Re: What does ID mean?

William B. Provine (wbp2@cornell.edu)
Sun, 19 Apr 1998 12:19:22 +0100

Dear Bob,

No evolutionist I know argues that life came or evolves by chance. Nor any
cosmologist argues that the universe evolved by chance. Indeed, such organic or
physical evolution by chance would be ludicrous and if the choice were "chance"
and "design," I would pick "design" anyday.

The real choice is between "chance and determinism" and "design." Because
mutations do not occur by chance (their effect might be chancy with regard to
adaptive value), nor chromosomes separate by chance in the evolution of sexual
breeding animals, etc, chance plays a generally small role in the evolution of
animals and plants. You might want to call the visitation of a large bolide from
space as "chance." But of course that too is governed by known deterministic
properties.
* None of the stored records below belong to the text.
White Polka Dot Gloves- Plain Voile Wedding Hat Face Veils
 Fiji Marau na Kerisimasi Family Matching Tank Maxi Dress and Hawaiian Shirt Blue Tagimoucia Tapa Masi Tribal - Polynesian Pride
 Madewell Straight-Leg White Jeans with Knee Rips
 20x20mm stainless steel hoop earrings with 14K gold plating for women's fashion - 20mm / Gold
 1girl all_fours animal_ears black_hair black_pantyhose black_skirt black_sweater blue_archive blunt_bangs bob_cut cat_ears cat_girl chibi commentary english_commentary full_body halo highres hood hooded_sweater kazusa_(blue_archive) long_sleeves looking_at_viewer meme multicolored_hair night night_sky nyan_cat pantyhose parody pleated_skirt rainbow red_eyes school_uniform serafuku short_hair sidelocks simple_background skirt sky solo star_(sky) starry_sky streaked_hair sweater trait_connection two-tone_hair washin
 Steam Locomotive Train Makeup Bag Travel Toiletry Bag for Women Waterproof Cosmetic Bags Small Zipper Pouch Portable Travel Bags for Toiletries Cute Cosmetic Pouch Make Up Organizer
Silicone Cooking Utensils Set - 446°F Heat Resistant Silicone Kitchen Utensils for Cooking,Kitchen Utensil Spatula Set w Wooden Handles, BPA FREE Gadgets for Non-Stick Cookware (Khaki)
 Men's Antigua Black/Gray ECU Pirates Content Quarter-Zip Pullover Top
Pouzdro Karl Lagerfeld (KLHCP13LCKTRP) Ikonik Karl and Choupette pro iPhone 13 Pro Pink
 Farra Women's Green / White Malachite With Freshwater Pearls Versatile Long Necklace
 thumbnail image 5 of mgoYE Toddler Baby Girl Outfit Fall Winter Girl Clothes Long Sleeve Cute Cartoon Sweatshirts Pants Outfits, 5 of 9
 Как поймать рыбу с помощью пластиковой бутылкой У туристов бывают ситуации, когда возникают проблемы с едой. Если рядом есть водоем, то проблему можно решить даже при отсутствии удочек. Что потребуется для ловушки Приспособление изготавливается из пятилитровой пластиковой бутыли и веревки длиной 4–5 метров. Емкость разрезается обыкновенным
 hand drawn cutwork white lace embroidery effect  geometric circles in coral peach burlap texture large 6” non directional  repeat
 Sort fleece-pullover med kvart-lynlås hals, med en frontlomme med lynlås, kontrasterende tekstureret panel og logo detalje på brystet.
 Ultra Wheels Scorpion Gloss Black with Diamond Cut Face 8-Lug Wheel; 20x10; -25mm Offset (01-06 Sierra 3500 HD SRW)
At the quantum level, some processes may very well be described as
"chance." I don't really know but quantum mechanical determinancy has been pretty
well damped out by 3 and one half billion years of organic evolution.

So to describe evolution as governed by "chance" is truly wrong, and the
juxtaposition of "chance" and "design" is a guaranteed winner for design, since
the governance by chance is nonsensical.

Chance and necessity (a typical word for determinism) taken together in their
natural proportions is a much stronger choice to me than "design" of any kind. And

at the present time in modern science, chance and necessity is the null
hypothesis. Religious though may disagree and say that "design" is their null
hypothesis. That may be, but modern science proceeds differently.